How do environmental regulations address coastal access issues?

Environmental regulations, such as habitat protection and storm-water runoff regulations can impose restrictions that affect access use. Regulations can be crafted to include access as a compatible use, but exclude other uses that might restrict access. These differ from zoning in that restrictions cannot be contracted out of or negotiated away. More on environmental regulations.

What kinds of ordinances can be used to address access needs?

Ordinances can be used in many ways to address access needs. For example, a boat ramp might have quiet hours overnight (a sound control ordinance), thereby protecting the rights of the nearby landowners but minimizing how the ramp can be used at night. Or a river can have restrictions on a vessel’s use such as speed, anchoring and moorage. Light pollution ordinances can also affect access.

What are other regulatory options?

Rediscovery of Public Rights-of-Way: Over time, Cities, Counties and Towns often lose track of the location, bounds, and uses of existing public rights of way or access points. Abutting landowners may encroach on a public way, or challenge people using the way.
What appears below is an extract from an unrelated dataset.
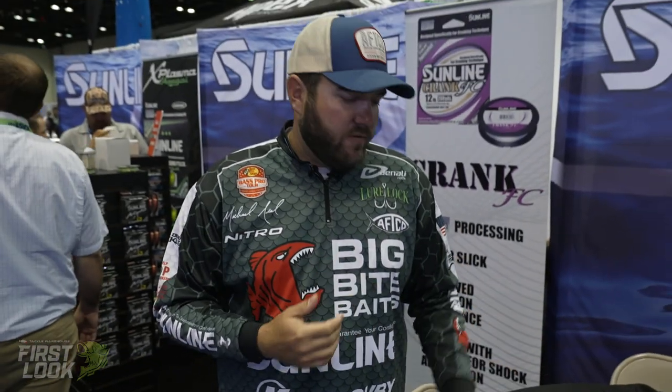Sunline Supernatural — two different colors available for pre-order at TackleWarehouse.com.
The Middle Peninsula Chesapeake Bay Public Access Authority has been granted unique enabling authority by the Virginia General Assembly to assist participating localities with research needed to re-establish, acquire and defend existing public ways to coastal waters.

Using Taxes for Access

The tool of taxation can be used to encourage public access in two major ways.

Fees on certain activities at places where the public enjoys the beach or shore, can raise money for the acquisition of additional access rights.

Tax incentives can encourage particular uses deemed socially or economically important, or discourage uses that would inhibit coastal access.

Ad Valorem Tax: Creation of a special purpose taxing district, such as a dredging district to improve water access.

How can taxes be used to generate funding for access?

Taxes and fees can be used as a means of raising funds that the public can invest in the acquisition of public access through voluntary conveyance/acquisition tools or through eminent domain. A land gains tax, real estate transfer tax, impact fees (though not technically a tax), or tax increment financing are examples of such taxation strategies.

What tax-related programs could exist that can be used for access?

A Current Use Program for Working Waterfronts could offer owners of commercial fishing-related property a reduction in their assessed value based on certain criteria. This designation would require action by the Virginia General Assembly.